Protokoll der Sitzung vom 29.05.2013

Ich rufe auf den Tagesordnungspunkt 9: Beratung des Antrages der Landesregierung – Zustimmung des Landtages gemäß § 8 Absatz 5 Landesforstanstaltserrichtungsgesetz, §§ 63 Absatz 1 und 64 Absatz 1 Landeshaushaltsordnung und § 12 Absatz 2 des Haushaltsgesetzes 2012 und 2013, hier: Waldtausch der Landesforstanstalt Mecklenburg-Vorpommern, Drucksache 6/1475, hierzu Beschlussempfehlung und Bericht des Agrarausschusses, Drucksache 6/1930, in Verbindung mit Beratung des Antrages der Fraktion BÜNDNIS 90/DIE GRÜNEN – Risiken von Waldtausch prüfen, Drucksache 6/1897. Hierzu liegt Ihnen ein Änderungsantrag der Fraktion DIE LINKE auf Drucksache 6/1933 vor.

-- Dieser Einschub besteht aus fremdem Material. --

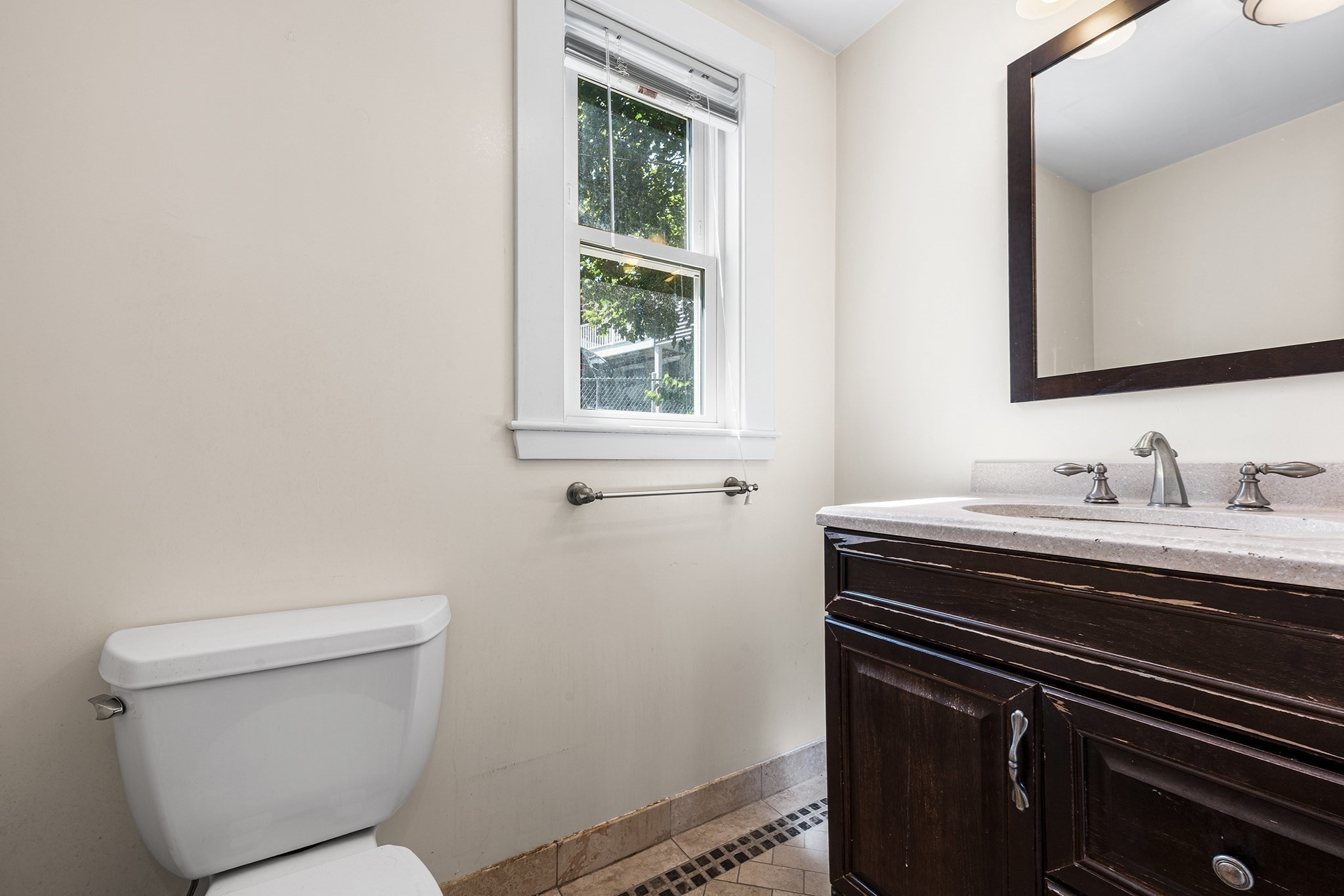 106 Paul Revere Rd Property Photo 16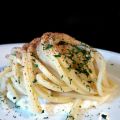 SPAGHETTONI AGLIO, OLIO, COLATURA DI ALICI E[...]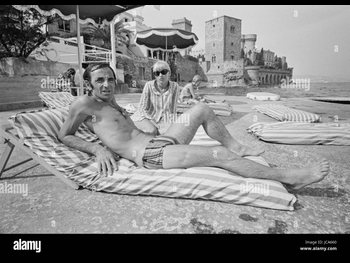  alt="Charles Aznavour"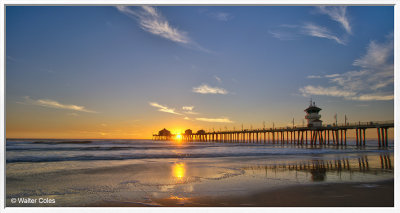 Sunset HB Pier HDR A7R III 10-22 (1)_2)_3)_Wide AI Frame w.jpg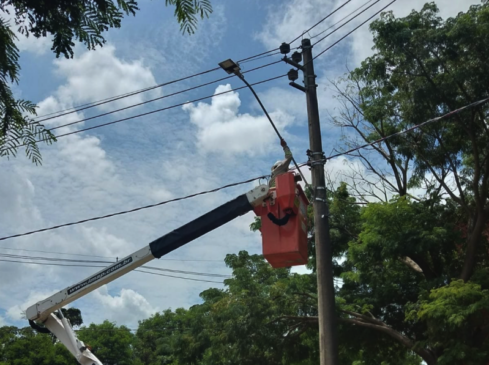 As lâmpadas de LED são mais econômicas e garantem maior eficiência na iluminação pública da cidade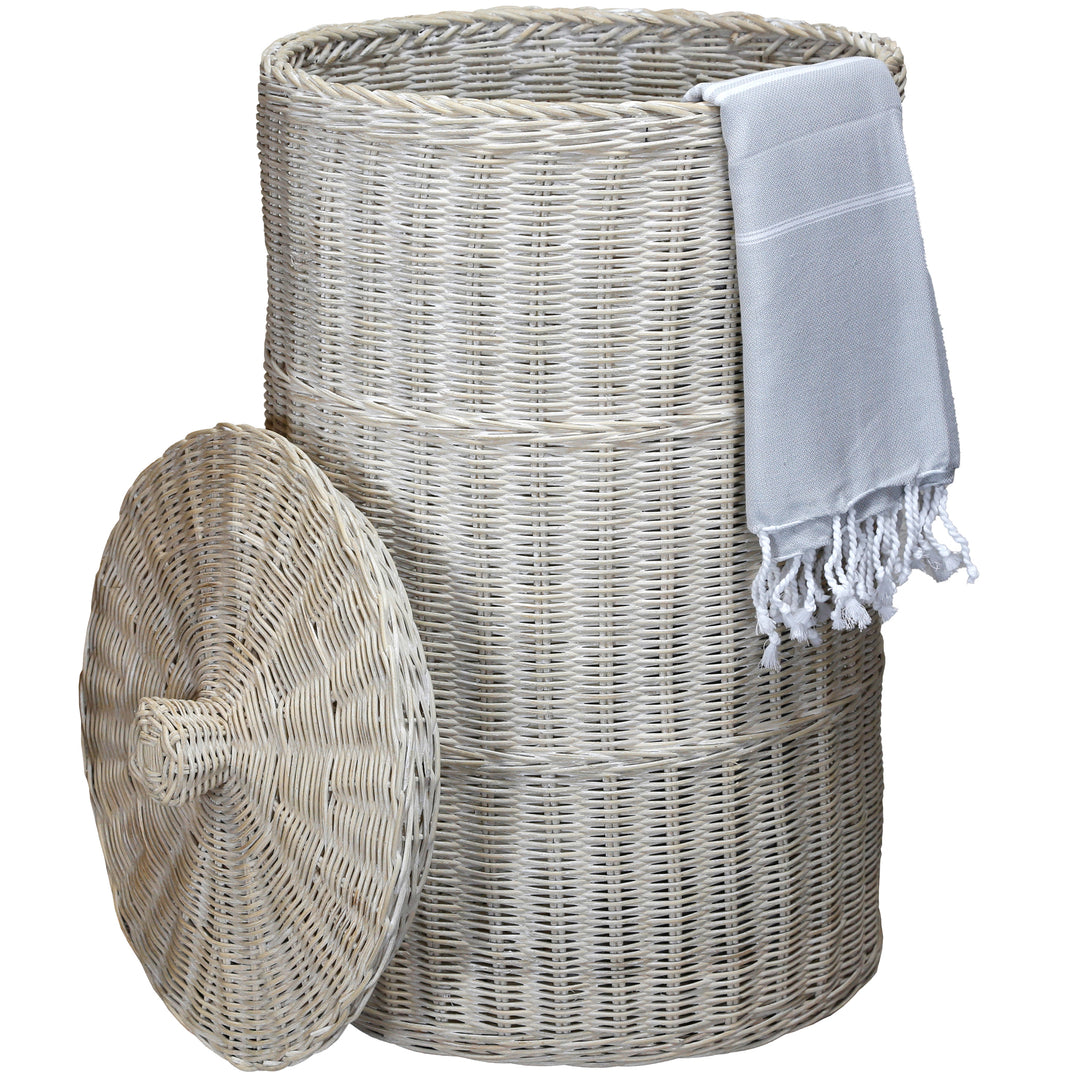 Witgekalkte wasmand met een lichte hamamdoek, natuurlijk gevlochten en stijlvol vormgegeven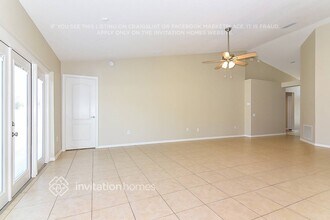 5626 War Admiral Dr in Zephyrhills, FL - Foto de edificio - Building Photo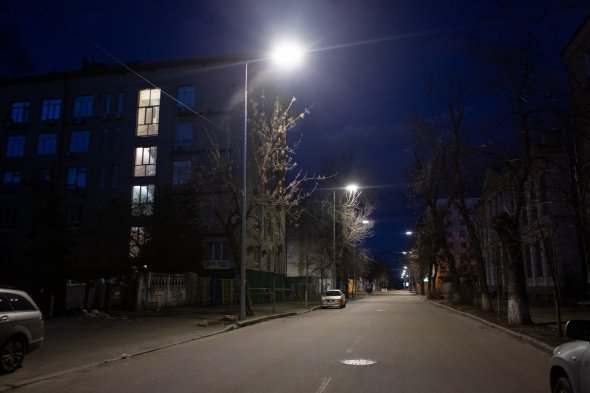 Пустые улицы Киева во время строгого комендантского часа 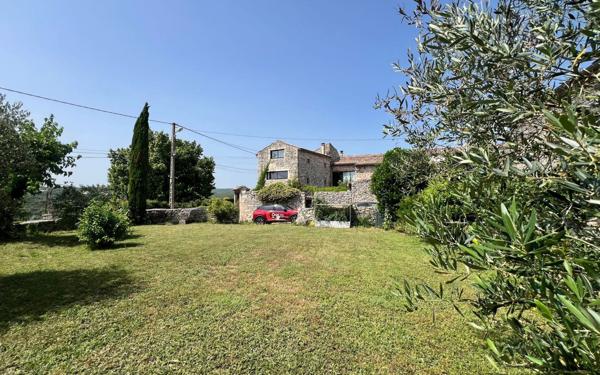 Maison à vendre    7 pièces •  Orgnac-l'Aven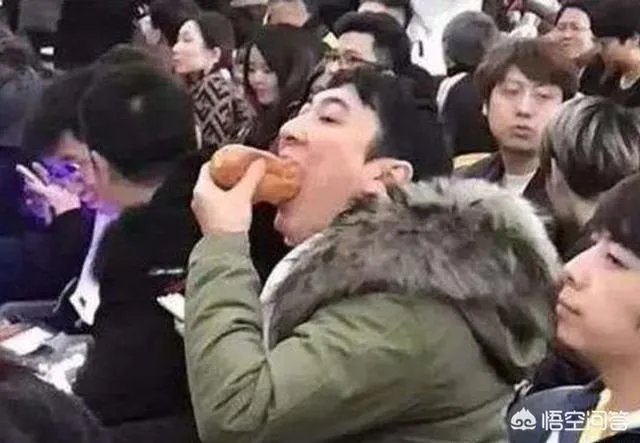 如何看待小智回应“给王思聪跪下一个小时”的传言,并且直播间爆粗口怒喷王思聪?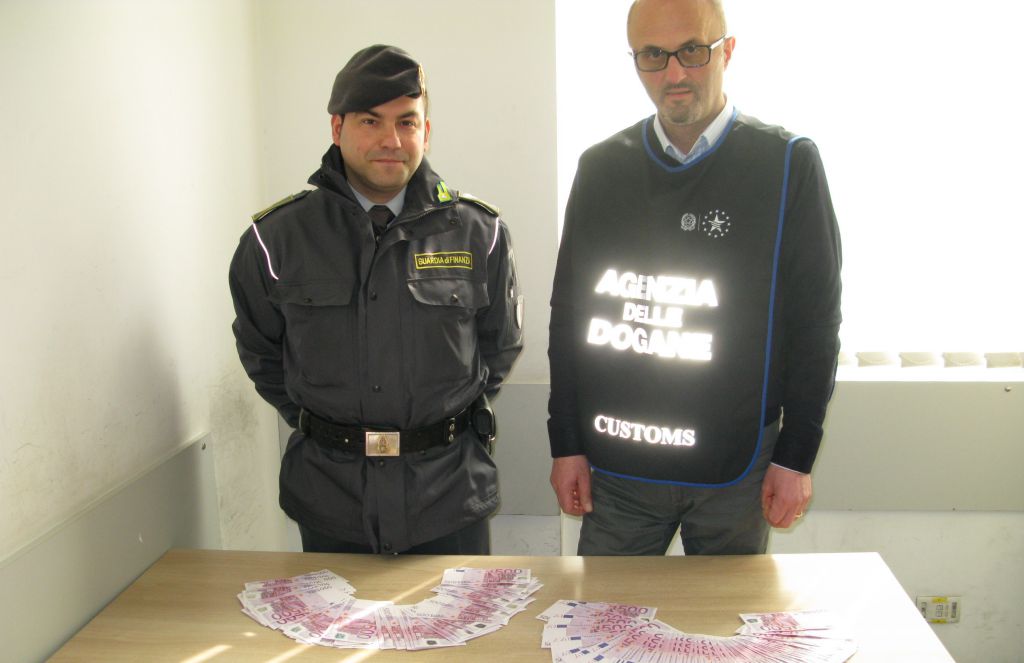 110mila € nascosti nel giubbino, la Gdf ferma al confine ingegnere russo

Antrag der Landesregierung Zustimmung des Landtages gemäß § 8 Absatz 5 Landesforstanstaltserrichtungs- gesetz, §§ 63 Absatz 1 und 64 Absatz 1 Landeshaushaltsordnung und § 12 Absatz 2 des Haushaltsgesetzes 2012 und 2013 hier: Waldtausch der Landesforstanstalt Mecklenburg-Vorpommern – Drucksache 6/1475 –

Beschlussempfehlung und Bericht des Agrarausschusses (6. Ausschuss) – Drucksache 6/1930 –

Änderungsantrag der Fraktion DIE LINKE – Drucksache 6/1933 –

Antrag der Fraktion BÜNDNIS 90/DIE GRÜNEN Risiken von Waldtausch prüfen – Drucksache 6/1897 –

Das Wort zur Berichterstattung hat der Vorsitzende des Agrarausschusses Professor Dr. Tack.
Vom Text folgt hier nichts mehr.